A wireless item-level checkout device being trialed by regional grocery chain Stop & Shop is demonstrating the potential — and simultaneously the difficulties — of distributed checkout.
The 389-store grocery chain — employing about 59,000 in Massachusetts, Connecticut, Rhode Island, Maine, New Hampshire, New York and New Jersey — has been running this trial since October at 90 of its stores in Massachusetts, Connecticut and Rhode Island.
The device being investigated is from Modiv Media and is called the Modiv Shopper by the vendor and EasyShop by the retailer. It’s the next generation of the Shopping Buddy and it works similarly in that consumers slide their loyalty card at a kiosk, which issues them a wireless device that sits in their carts.
As they move through the store, the device sends them commercials based on their purchase history as well as what they have scanned into their cart — the device does that scanning — plus their exact location in the store at that moment.

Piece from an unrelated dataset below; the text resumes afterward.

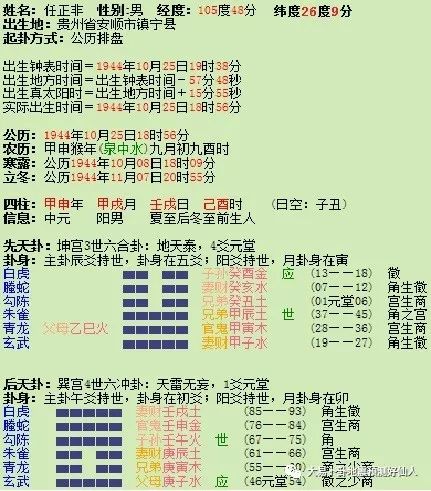 八字排盘中华预测网_八字紫微斗数排盘预测_中华预测网八字排盘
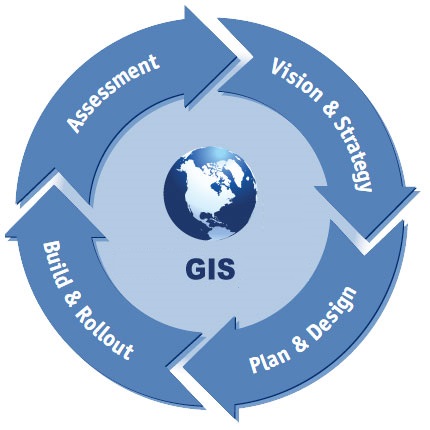 GIS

The device has no touch screen and very limited buttons, but it can receive a signal from other systems, such as Stop & Shop’s automated deli system. The device, for example, can display a message when a deli order is ready for pickup.

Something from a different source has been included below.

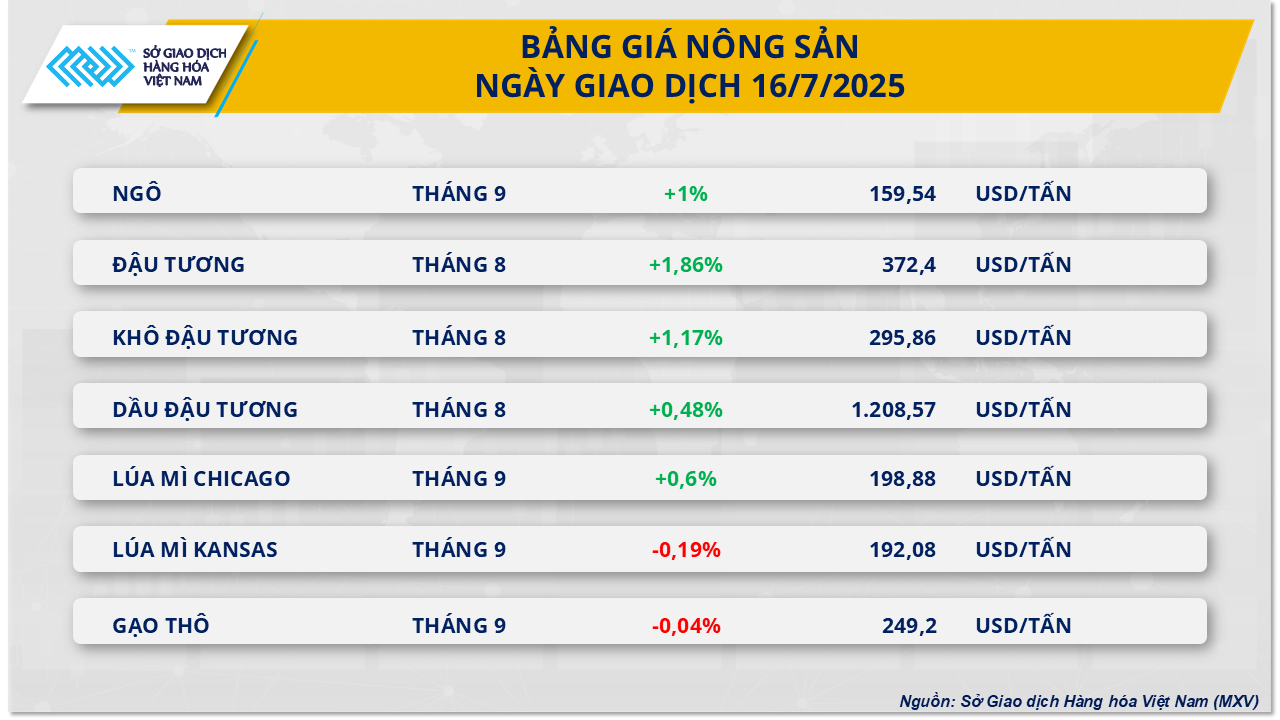 Nông sản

The earlier version of the unit was a touch screen and it allowed those deli orders to be placed from within the cart. But consumer preferences for a smaller unit with fewer buttons and options killed that convenience.

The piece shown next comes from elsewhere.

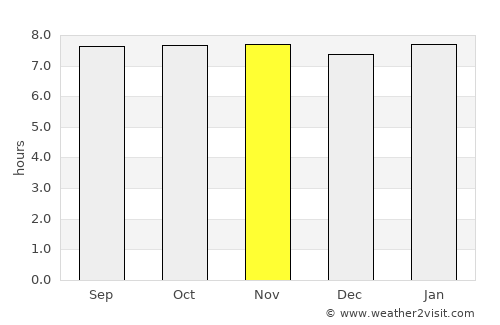 Comendador average rain in November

Perhaps the most intriguing of its capabilities is how it can interact with self-checkout — or a regular staffed checkout aisle — and save the time of having to rescan everything in.
Stop & Shop has a different program called Payvantage, which keeps on record a preferred payment method. This theoretically should allow for consumers to check out of the store the instant after they scan their last purchase, from wherever in the store they happen to be standing at the time. With a wireless device that has scanned all of their purchases — and a payment method already approved — why force customers to push their groceries to the self-checkout — or any other POS station — and wait in the line? Or the customer could simply go to a less crowded area of the store for help with bagging their purchases.
Modiv CEO Bob Wesley said other retailers have said they would indeed be interested in a complete wireless checkout. He didn’t comment on Stop & Shop but a Stop & Shop spokesman said the chain–at this time–wasn’t using that capability and referred questions about it to Modiv.
Asked why retailers were not doing it, Wesley said that it was a change in consumer behavior, which consumers tend to resist, especially when the overall experience is already quite alien to them.
The security mechanism seems to be one component of the reluctance over wireless checkout. When consumers need to check out, they are asked to swipe their loyalty card again to verify that they are who they said they were. Wesley wouldn’t explain the duplicate swipes, only indicating that there was an unspecified technology issue involving database lookups that required consumers to go to a POS and re-swipe their cards.
Stop & Shop isn’t alone in these kinds of experiments, with fellow regional grocer ShopRite experimenting with similar devices.
The Stop & Shop trial is certainly an encouraging move in the right direction, but it’s clear that consumer hesitation and security concerns will make this wireless in-store dance one of “two steps forward, one step back.”